Hacker News new | ask | show | jobs
by Rygian 1349 days ago
This is almost identical to a problem I'm trying to solve, which is to turn a potato-quality picture of a sheet of paper into a clean scan, turning whatever levels of gray conform the paper background become a uniform #ffffff white. The obvious solutions (equalizing, converting to bitmap, …) don't work because what's white in the top left (say #ccc) is wildly different from what's white in the bottom right (say #888), and the shift is non-uniform due to potato-quality lighting.

Glad I caught this post, I hope the solution can contribute to my problem (although I do not have a way to obtain a fixed ground truth — lighting will change for each picture.)

5 comments

Sounds like local contrast adjustment. There are several different ways of solving it, here's a couple that look like they work pretty well:

https://stackoverflow.com/questions/63251089/how-to-do-a-loc...

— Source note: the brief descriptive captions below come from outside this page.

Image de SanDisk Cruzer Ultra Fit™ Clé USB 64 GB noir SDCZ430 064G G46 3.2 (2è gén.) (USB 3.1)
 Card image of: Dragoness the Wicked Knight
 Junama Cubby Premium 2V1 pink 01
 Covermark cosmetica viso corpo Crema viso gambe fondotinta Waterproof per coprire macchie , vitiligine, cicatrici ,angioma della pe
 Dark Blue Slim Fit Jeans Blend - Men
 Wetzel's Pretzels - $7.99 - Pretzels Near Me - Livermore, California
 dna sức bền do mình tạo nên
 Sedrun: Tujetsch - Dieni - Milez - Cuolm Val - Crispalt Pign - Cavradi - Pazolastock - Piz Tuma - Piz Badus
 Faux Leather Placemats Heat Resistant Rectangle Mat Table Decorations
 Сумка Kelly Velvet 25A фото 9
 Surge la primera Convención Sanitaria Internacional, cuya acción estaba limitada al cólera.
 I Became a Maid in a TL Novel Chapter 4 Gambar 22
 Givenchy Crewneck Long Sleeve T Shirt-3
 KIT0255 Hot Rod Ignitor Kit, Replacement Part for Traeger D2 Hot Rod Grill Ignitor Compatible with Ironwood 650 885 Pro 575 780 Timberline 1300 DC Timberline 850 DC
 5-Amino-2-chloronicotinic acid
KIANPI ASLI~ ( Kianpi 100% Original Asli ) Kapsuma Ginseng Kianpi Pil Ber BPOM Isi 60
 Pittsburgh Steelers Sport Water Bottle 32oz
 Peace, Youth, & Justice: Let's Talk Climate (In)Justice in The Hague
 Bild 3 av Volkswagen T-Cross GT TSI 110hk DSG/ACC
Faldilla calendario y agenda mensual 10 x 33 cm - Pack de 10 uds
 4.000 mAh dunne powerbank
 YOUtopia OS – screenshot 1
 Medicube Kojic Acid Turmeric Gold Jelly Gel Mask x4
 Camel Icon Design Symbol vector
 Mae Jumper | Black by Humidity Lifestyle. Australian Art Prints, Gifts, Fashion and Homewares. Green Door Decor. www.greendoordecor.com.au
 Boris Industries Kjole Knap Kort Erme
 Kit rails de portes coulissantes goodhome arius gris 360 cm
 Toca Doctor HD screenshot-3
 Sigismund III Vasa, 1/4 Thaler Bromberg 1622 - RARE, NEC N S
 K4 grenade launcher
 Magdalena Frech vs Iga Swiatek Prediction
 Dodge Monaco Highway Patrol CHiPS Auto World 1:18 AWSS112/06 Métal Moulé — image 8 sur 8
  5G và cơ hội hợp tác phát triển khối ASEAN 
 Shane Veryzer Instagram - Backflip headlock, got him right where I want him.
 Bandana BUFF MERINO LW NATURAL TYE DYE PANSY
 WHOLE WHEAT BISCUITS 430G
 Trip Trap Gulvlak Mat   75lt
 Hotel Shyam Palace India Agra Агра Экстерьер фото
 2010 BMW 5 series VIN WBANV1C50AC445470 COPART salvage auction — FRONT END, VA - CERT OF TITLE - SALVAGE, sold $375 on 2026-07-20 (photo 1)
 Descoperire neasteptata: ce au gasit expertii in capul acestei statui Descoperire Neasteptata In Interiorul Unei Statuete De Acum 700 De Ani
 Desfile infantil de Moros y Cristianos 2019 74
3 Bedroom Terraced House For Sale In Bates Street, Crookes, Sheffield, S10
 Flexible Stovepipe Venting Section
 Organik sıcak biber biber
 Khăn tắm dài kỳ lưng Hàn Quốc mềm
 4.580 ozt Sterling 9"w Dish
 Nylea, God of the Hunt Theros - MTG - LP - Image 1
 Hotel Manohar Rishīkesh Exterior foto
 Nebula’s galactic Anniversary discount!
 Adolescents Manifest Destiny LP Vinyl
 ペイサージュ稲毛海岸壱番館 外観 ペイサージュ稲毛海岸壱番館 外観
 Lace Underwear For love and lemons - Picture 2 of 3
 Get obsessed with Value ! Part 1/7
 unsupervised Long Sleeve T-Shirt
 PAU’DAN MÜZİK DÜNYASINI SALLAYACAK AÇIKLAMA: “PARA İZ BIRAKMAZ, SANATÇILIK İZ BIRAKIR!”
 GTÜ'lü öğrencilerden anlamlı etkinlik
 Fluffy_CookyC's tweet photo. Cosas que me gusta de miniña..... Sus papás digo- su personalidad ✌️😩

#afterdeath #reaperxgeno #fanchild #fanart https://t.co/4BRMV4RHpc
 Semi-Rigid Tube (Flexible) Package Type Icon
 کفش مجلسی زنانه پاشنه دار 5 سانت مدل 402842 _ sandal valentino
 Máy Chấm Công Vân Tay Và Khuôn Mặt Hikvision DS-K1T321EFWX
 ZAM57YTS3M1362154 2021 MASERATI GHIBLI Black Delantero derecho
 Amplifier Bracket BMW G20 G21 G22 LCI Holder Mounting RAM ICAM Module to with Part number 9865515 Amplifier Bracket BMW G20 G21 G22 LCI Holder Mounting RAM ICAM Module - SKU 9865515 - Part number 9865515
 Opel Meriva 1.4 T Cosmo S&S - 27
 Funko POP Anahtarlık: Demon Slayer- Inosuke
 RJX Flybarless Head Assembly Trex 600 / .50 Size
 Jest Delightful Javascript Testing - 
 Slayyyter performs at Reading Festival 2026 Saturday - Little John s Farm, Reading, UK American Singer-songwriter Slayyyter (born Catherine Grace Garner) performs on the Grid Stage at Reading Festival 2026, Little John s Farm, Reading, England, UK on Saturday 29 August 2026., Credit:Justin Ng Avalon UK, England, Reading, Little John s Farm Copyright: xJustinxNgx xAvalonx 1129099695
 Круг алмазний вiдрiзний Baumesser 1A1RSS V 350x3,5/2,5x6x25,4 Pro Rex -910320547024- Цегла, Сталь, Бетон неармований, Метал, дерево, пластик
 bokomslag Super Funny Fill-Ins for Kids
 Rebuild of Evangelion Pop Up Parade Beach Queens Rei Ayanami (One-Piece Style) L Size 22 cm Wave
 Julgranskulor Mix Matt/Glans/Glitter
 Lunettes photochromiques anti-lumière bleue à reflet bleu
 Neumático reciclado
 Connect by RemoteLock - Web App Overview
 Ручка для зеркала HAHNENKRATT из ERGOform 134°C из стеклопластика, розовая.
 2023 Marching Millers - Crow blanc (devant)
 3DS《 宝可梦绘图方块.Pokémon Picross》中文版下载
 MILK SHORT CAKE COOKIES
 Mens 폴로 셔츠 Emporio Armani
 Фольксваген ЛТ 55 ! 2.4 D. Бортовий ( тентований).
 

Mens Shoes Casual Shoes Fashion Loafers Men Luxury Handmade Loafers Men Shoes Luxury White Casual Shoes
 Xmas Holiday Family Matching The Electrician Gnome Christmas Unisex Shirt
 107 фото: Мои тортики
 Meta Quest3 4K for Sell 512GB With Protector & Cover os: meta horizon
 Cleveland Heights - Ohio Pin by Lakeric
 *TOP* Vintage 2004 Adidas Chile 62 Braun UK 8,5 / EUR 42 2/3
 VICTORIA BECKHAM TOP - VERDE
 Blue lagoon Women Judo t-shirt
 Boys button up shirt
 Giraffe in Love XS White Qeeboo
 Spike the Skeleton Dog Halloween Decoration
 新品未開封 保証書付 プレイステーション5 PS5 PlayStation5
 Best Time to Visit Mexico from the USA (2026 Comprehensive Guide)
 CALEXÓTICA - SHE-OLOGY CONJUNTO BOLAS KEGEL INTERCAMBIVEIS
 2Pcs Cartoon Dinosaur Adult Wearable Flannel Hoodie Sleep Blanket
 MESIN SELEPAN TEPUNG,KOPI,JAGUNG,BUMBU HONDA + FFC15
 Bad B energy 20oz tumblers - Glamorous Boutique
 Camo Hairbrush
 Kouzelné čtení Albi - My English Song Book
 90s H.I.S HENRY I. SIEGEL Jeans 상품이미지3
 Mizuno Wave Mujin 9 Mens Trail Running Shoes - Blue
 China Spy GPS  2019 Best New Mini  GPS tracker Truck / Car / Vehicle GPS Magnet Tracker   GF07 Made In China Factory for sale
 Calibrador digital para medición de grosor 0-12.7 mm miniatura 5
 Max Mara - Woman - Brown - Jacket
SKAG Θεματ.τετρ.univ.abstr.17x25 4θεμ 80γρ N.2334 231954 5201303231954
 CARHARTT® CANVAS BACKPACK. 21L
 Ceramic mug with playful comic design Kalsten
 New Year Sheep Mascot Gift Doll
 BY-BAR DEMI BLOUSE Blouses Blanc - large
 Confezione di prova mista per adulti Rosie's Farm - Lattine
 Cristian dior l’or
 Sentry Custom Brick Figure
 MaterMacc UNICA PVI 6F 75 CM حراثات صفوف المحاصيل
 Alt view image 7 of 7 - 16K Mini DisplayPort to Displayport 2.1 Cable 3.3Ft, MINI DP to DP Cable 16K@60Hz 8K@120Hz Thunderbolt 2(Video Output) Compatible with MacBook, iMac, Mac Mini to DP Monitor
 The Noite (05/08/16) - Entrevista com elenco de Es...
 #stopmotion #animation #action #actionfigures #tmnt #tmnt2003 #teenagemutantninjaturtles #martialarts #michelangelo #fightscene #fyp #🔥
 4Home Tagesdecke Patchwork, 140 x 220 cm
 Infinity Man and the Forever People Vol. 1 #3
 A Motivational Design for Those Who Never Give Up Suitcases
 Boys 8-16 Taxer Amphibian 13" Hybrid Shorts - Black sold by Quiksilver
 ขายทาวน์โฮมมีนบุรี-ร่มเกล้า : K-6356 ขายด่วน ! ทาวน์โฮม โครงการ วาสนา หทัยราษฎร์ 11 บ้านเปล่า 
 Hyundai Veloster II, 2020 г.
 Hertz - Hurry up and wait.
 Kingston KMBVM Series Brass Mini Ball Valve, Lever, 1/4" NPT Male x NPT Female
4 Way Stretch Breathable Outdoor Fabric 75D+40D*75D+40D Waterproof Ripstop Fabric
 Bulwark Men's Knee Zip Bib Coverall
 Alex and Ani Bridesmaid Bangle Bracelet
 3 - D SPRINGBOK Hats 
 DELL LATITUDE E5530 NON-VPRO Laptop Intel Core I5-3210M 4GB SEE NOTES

https://stackoverflow.com/questions/65666507/local-contrast-...

One possible preprocessing step could be to do a high pass filter on it, if the shadows vary slowly over the image.

There are also more specialized techniques specifically for removing shadows from documents, like these:

http://civc.ucsb.edu/graphics/Papers/ACCV2016_DocShadow/

https://faculty.iiit.ac.in/~vgandhi/papers/shadow_removal_ca...

I also found this, an image editor based approach if you just want to do a few images manually:

https://janithl.github.io/2021/12/remove-shadows-and-uneven-...

Thanks! These pointers will be very helpful.
If your content is black and white, just use a local contrast filter and then threshold it. It's easy to do, but it does result in monochrome so you lose antialiasing. If you're at 300+ dpi though that doesn't usually matter. This is commonly done with PDF scans where monochrome output is desired for high compression. Easy to do with ImageMagick.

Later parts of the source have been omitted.